* Task
Your copy should hold exactly the lines from the one containing "Casa de Condomínio" through the last line of the entries, and no pictures.

=== Section Start ===

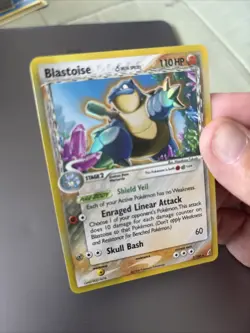 2006 Pokemon Crystal Guardians: # 2 Blastoise Holo NM-MT OR BETTER - Image 5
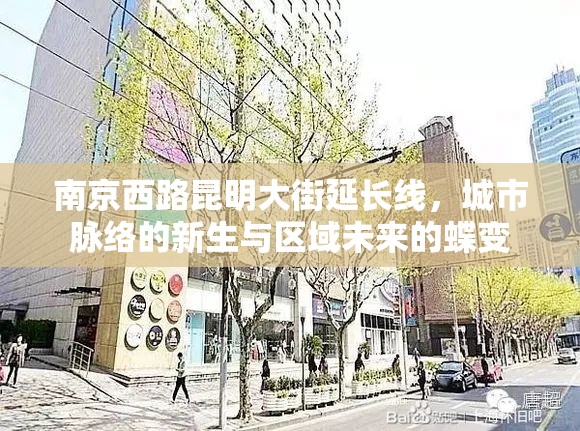 南京西路昆明大街延长线，城市脉络的新生与区域未来的蝶变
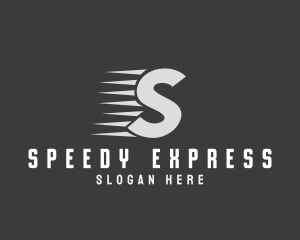 Speedy Transport Delivery logo design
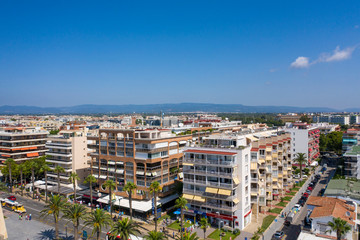 Fototapeta premium Spain Salou. Best adventure for you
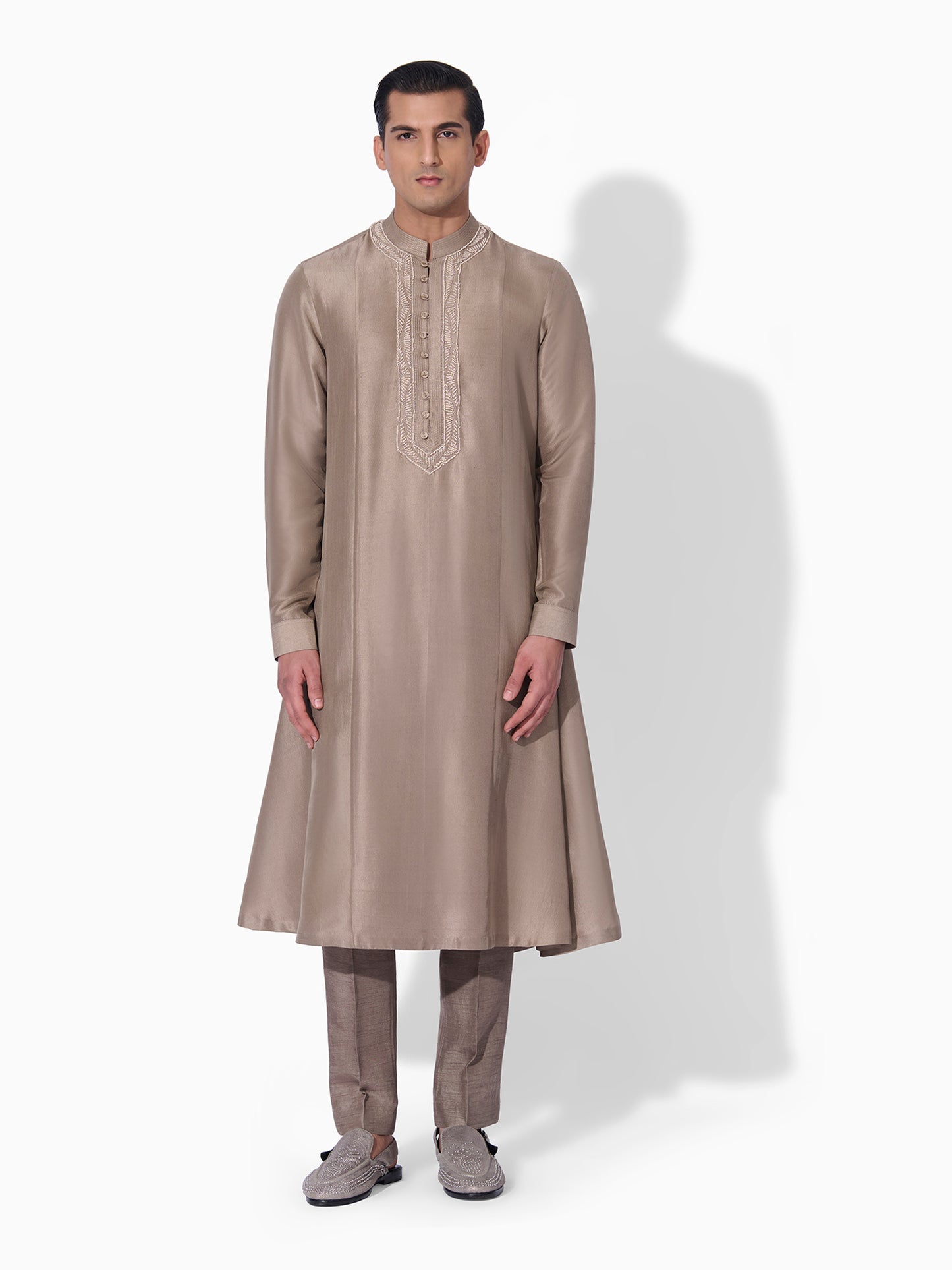 Champagne Gold Kurta Set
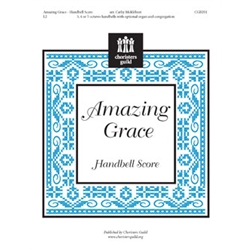 Amazing Grace (Handbell Score) - 3-5 octaves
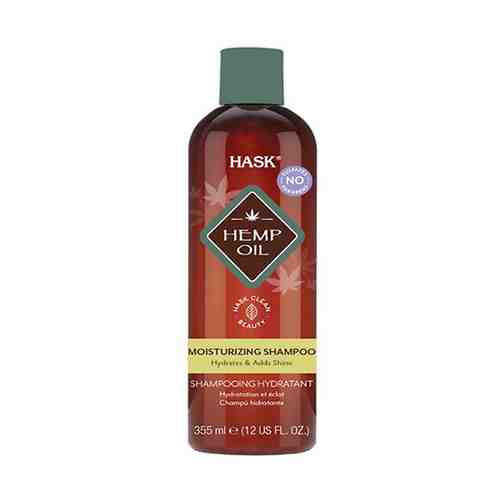 Шампунь для волос HASK HEMP OIL увлажняющий 355 мл арт. 209031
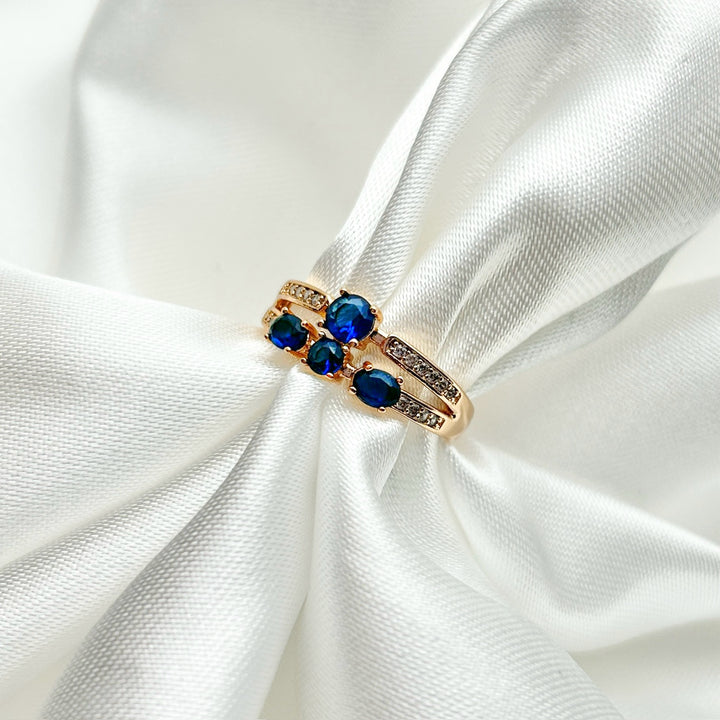 Anillo Acero Double 💖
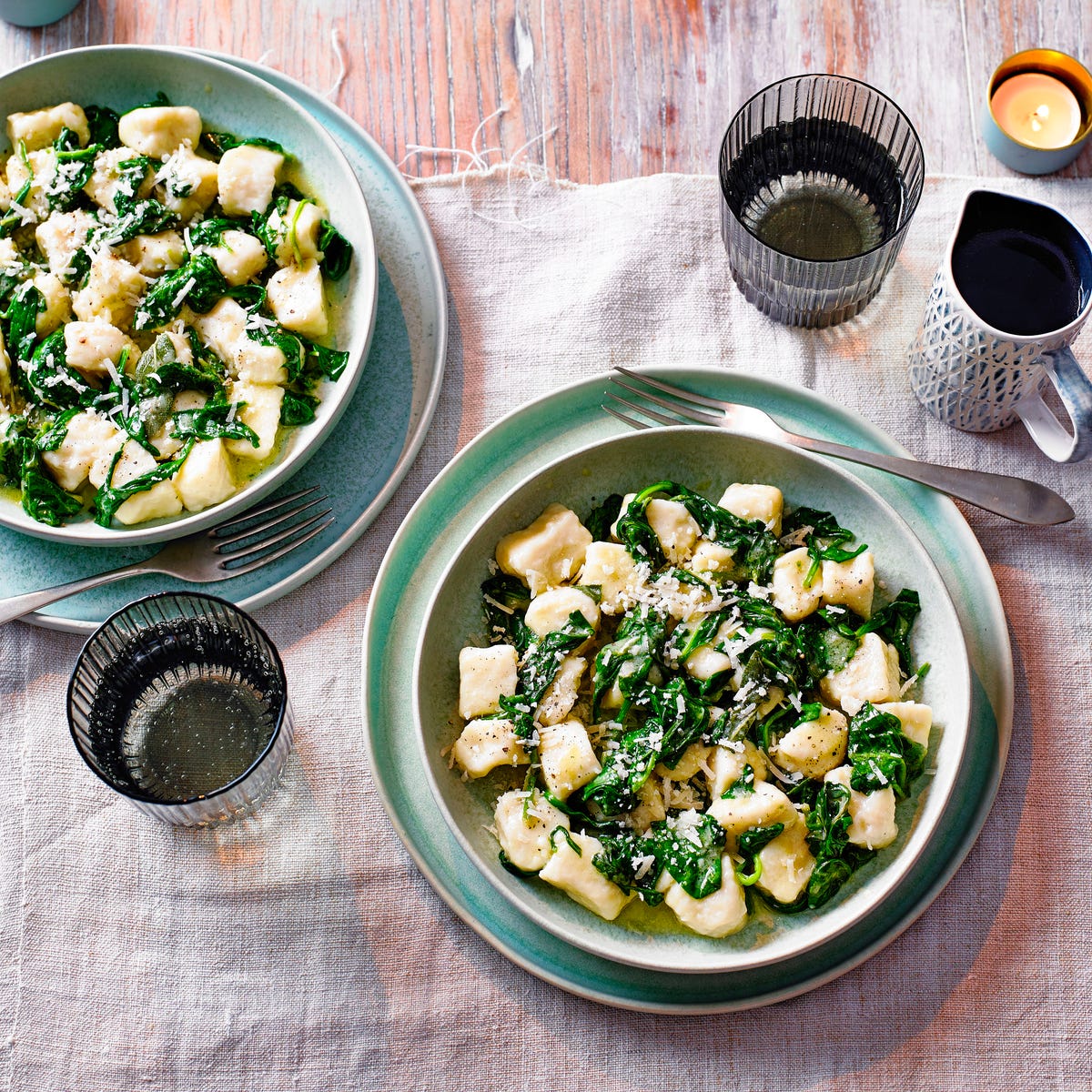 Cheat's Gnocchi with Sage Butter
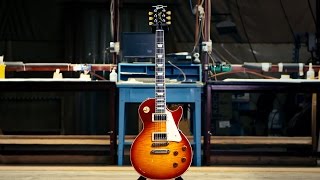 Gibson USA  Factory Tour [upl. by Eenahpets]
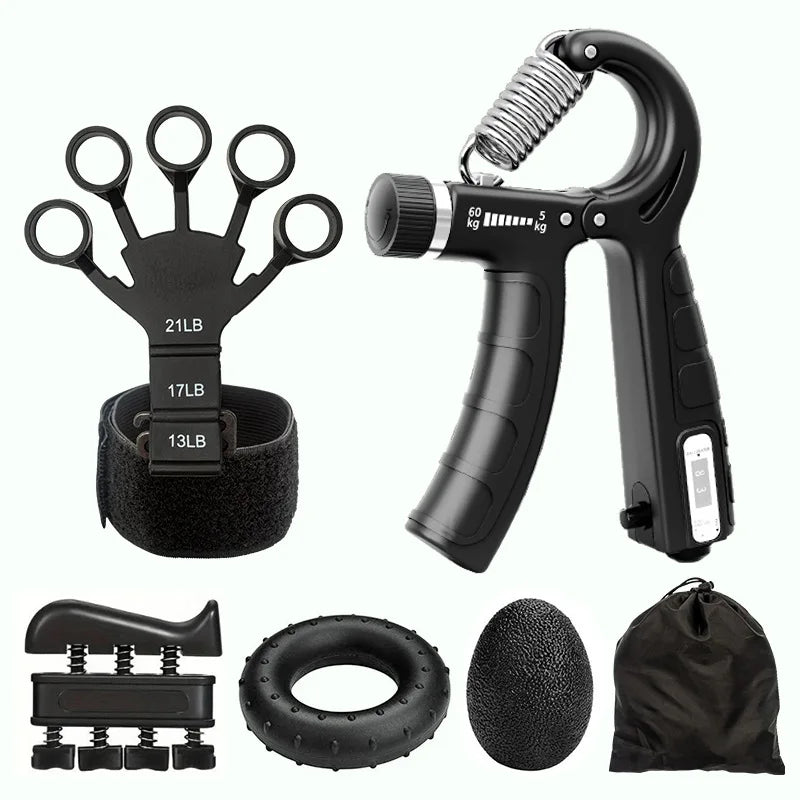 Universal Fitness Hand Grip With Spring Set For Gym Equipment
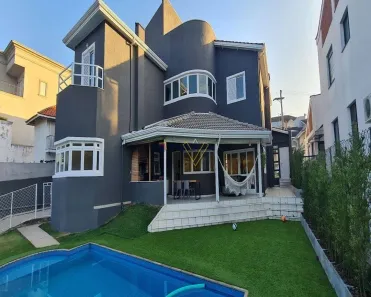 Casa de Condomínio com 4 Quartos à venda, 407m² no Tamboré, Santana de Parnaíba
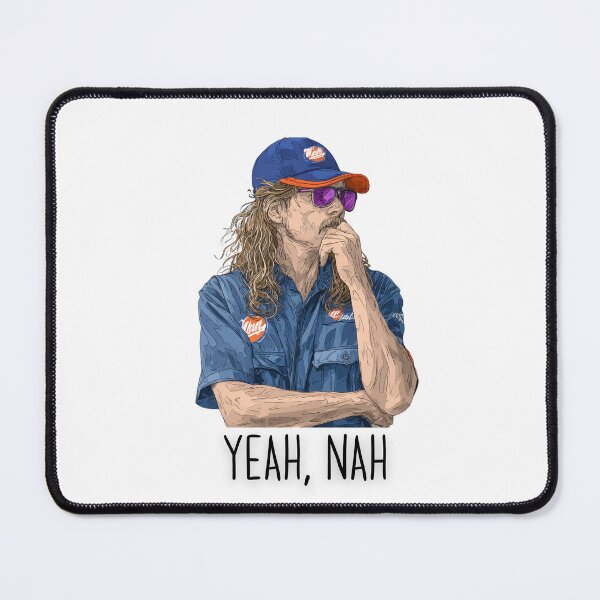 Item preview, Yeah Nah Tradie Design designed and sold by PeTees shop.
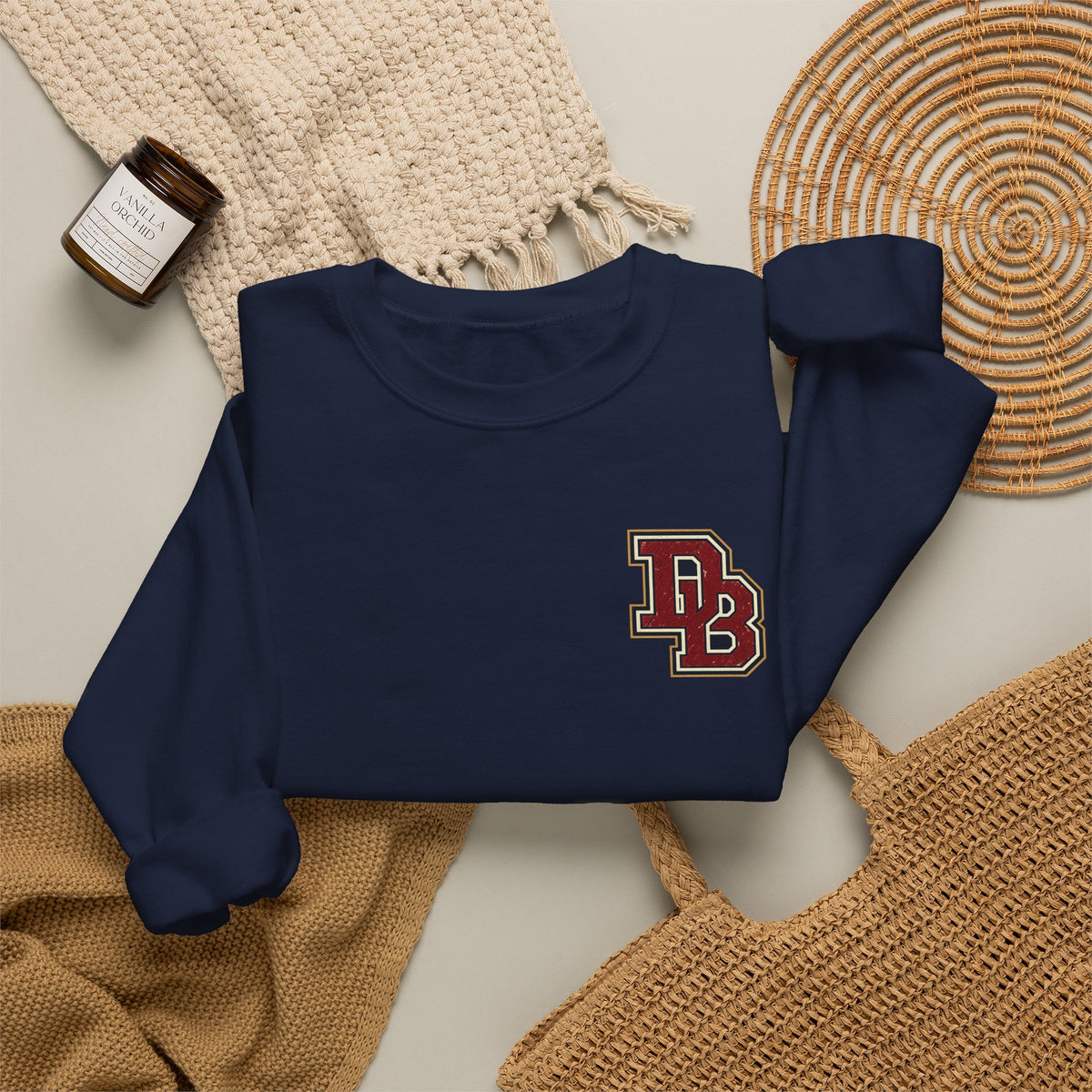 DBSportswear x Autumn Hunting Crewneck Sweatshirt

=== Section End ===

* Task output
 Casa de Condomínio com 4 Quartos à venda, 407m² no Tamboré, Santana de Parnaíba
 Item preview, Yeah Nah Tradie Design designed and sold by PeTees shop.
 DBSportswear x Autumn Hunting Crewneck Sweatshirt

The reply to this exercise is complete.